Nicht nur beim Spielen macht das Display einen guten Eindruck, auch fürs Videoschauen eignet sich das Panel sehr gut. Der eingebaute Fingerabdrucksensor reagiert wesentlich flinker und zuverlässiger als der beim Vorgängermodell - insgesamt überzeugt uns der Bildschirm der ROG Phone 6 Pro sehr.
Von der Leistung her schlägt das ROG Phone 6 Pro auf dem Papier die meisten anderen aktuellen Top-Smartphones im Android-Bereich: Im Single-Test des Geekbench 5 kommt das ROG Phone 6 Pro auf 1.314 Punkte - das sind rund 80 Zähler mehr als Smartphones mit dem Snapdragon 8 Gen1. Im Wild Life Unlimited des 3DMark-Tests kommt das Smartphone auf 2.754 Punkte - 250 Zähler mehr als ein Smartphone mit Snapdragon 8 Gen1. Im Test 1440p Aztech Ruins Vulcan (High Tier) kommt das neue ROG Phone auf einen Offscreen-Wert von 51 fps. Auch dies ist mehr als bei einem Smartphone mit Snapdragon 8 Gen1.

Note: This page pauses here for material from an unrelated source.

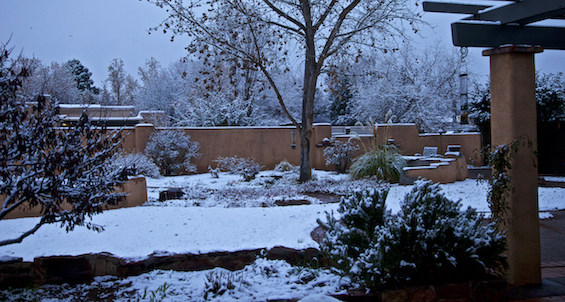 Our garden in snow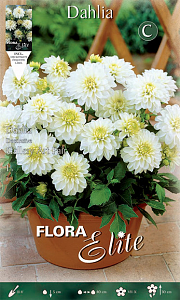 ΝΤΑΛΙΑ SPECIAL ΥΒΡΙΔΙΟ (ΦΑΚ. 1 τεμ) GALLERY ART FAIR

Wie so häufig fragen wir uns allerdings, inwieweit Nutzer diese Leistungssteigerungen im Alltag wirklich bemerken werden. Das ROG Phone 6 Pro dürfte mit seiner Prozessorausstattung jedenfalls genügend Leistung für die kommenden Jahren bieten. Mit aktiviertem Hochleistungsmodus werden uns in den Benchmarks übrigens keine besseren Werte angezeigt.
Asus verspricht bessere Kühlung
Beim ROG Phone 6 Pro hat Asus die Prozessorkühlung nochmals verbessert. Der Raum zwischen den Platinen wurde mit einer Leitpaste gefüllt, zudem gibt es zwei vergrößerte Graphitschichten und eine verglichen mit dem ROG Phone 5 um 30 Prozent größere Vapor Chamber. Das SoC ist mittig im Smartphone eingebaut, so dass die Wärmeentwicklung nicht direkt unter den Händen der Nutzer liegt.
Externer Kühler mit Peltier-Element
Beim Spielen von Genshin Impact mit höchsten Einstellungen wird uns eine SoC-Temperatur von 39 Grad angezeigt - das Smartphone liegt damit noch angenehm in der Hand. Bei andauernder alltäglicher Nutzung ohne Spielen liegt die Systemtemperatur bei uns bei 34 Grad. Mit dem optional erhältlichen neuen Aeroactive Cooler 6 können wir die Prozessortemperatur noch einmal um zwei Grad senken. Damit sollte Throttling auch bei längerer Spielzeit keine Probleme machen.
Ob es im Alltag den externen Kühler mit Peltier-Element(öffnet im neuen Fenster) wirklich braucht, ist fraglich. Praktisch finden wir allerdings die vier Zusatzbuttons auf dem Kühler, die wir beim Spielen verwenden können. Der Kühler wird über den Smartphoneakku mit Strom versorgt.
Das neue ROG Phone hat wie seine Vorgänger zwei Sensorschultertasten, die wir beim Spielen mit Funktionen belegen können. Sie sind mit verschiedenen Gesten nutzbar, weshalb sich zahlreiche Funktionen auf die Schultertasten legen lassen. Wir können die Buttons nicht nur drücken, sondern beispielsweise auch verschiedene Wischgesten verwenden. Spielen wir nicht, können wir die berührungsempfindlichen Seiten des Smartphones drücken, um etwa eine App zu starten.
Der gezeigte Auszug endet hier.